Although Helene wrote to the Marks & Co. bookstore for twenty years, starting in 1949, she didn't actually get to travel to London until 1971, when she did things up right and stayed there for a month, getting to know a wide variety of people and being (as far as I can tell) incandescently happy.
Although I loved The Duchess of Bloomsbury Street, and loved all that I learned from it about London and Great Britain, my favorite part of it was actually reading Helene's memories of how she first started educating herself through books:
"But Oxford I have to see. There's one suite of freshman's rooms at Trinity College which John Donne, John Henry Newman and Arthur Quiller-Couch all lived in, in various long-gone eras. Whatever I know about writing English those three men taught me, and before I die I want to stand in their freshman's rooms and call their names blessed.

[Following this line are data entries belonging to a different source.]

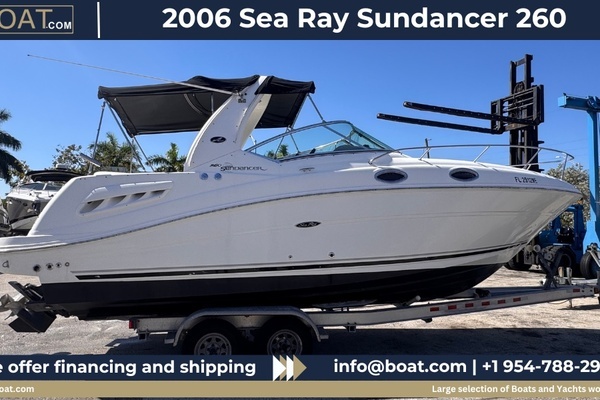 Picture Of: 2006 Sea Ray 260 Sundancer 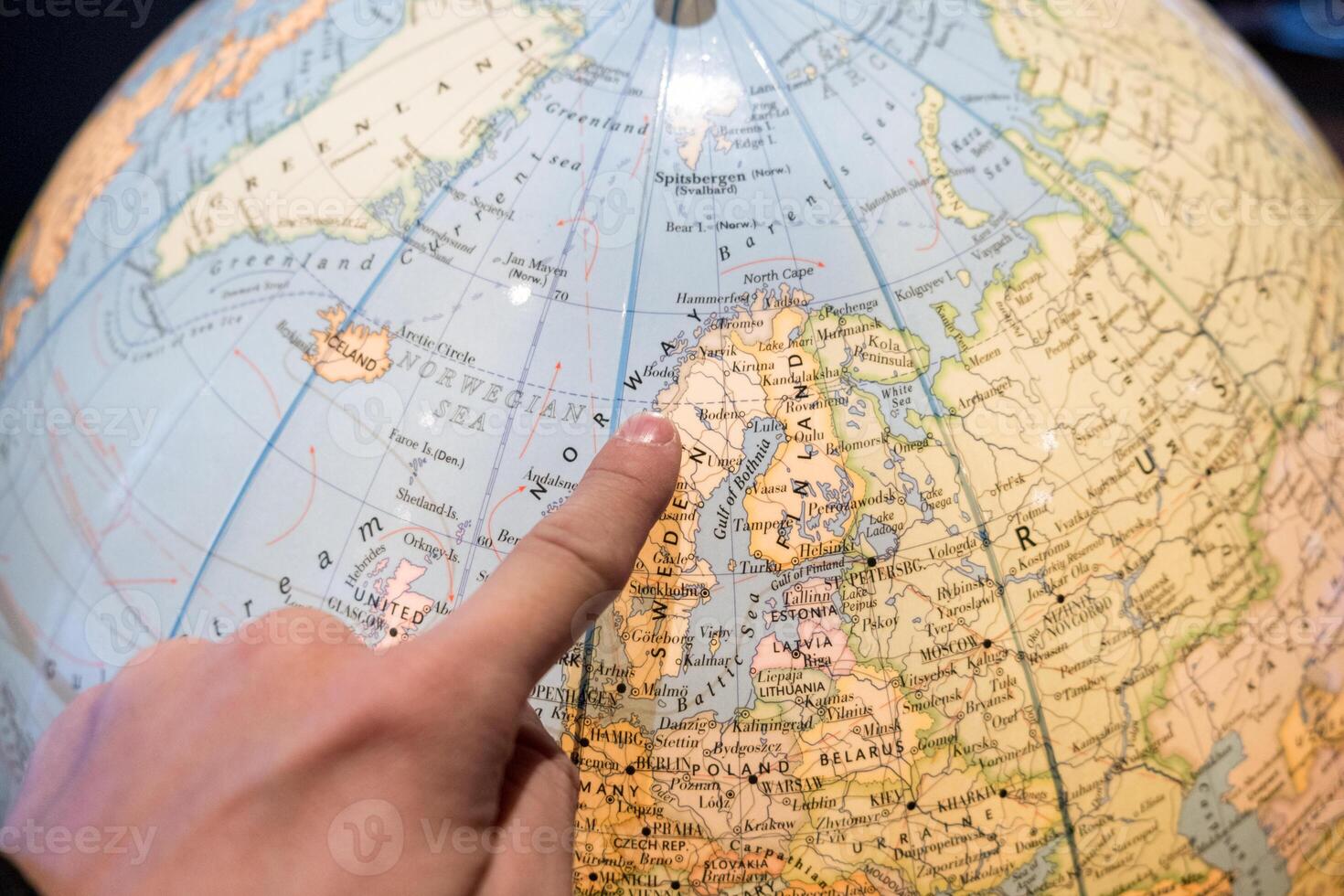 dedo apontando em mundo bola para planejamento viagem viagem foto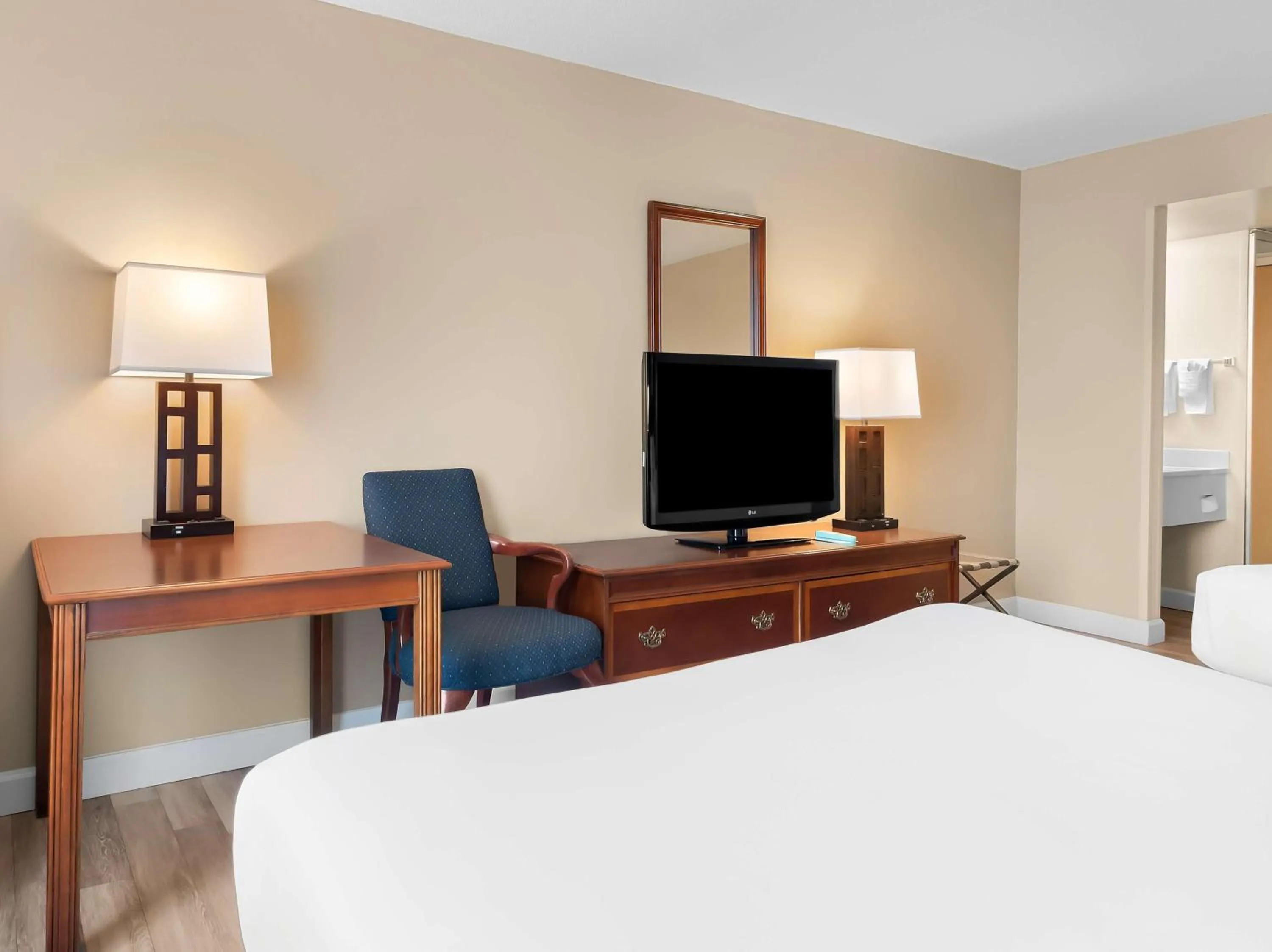 Bedroom, Bed in Best Western Potomac Mills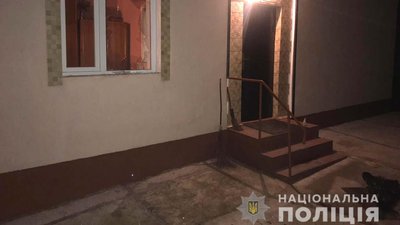 На Рівненщині пенсіонер закинув у хату колишньої "коктейлі Молотова"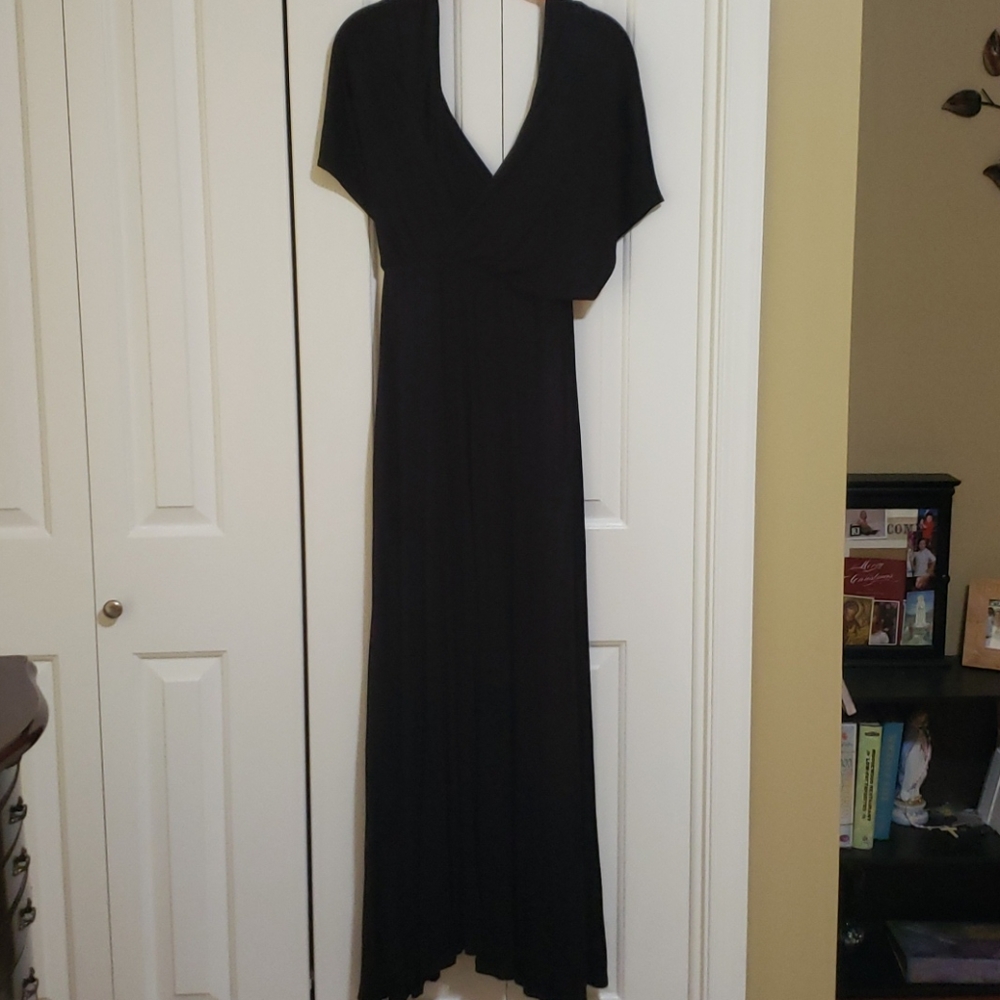 V neck black maxi dress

Q (Quiller-Couch) was all by himself my college education. I went down to the public library one day when I was seventeen looking for books on the art of writing, and found five books of lectures which Q had delivered to this students of writing at Cambridge.
'Just what I need!' I congratulated myself. I hurried home with the first volume and started reading and got to page 3 and hit a snag:
Q was lecturing to young men educated at Eton and Harrow. He therefore assumed that his students--including me--had read Paradise Lost as a matter of course and would understand his analysis of the 'Invocation to Light' in Book 9. So I said, 'Wait here,' and went down to the library and got Paradise Lost and took it home and started reading it and got to page 3, when I hit a snag:
Milton assumed I'd read the Christian version of Isaiah and the New Testament and had learned all about Lucifer and the War in Heaven, and since I'd been reared in Judaism I hadn't. So I said, 'Wait here,' and borrowed a Christian Bible..."
This is the way most learning should take place. I like the idea of the book being propped open till you're ready and then going back to it.
I've started Hanff's book on Elizabeth I. Excellent. Some of it is familiar to me, but it is answering questions I didn't even know I had.
Hanff has a flowing style.
Posted by: Mrs. Thornton | 15 April 2009 at 08:27 AM
I agree, Mrs. Thornton. I wish I had unlimited time to follow up learning in books, and also that I had been smarter about doing that for myself when I was a kid and DID have time.
Helene is excellent. Period. Glad you're liking Elizabeth I.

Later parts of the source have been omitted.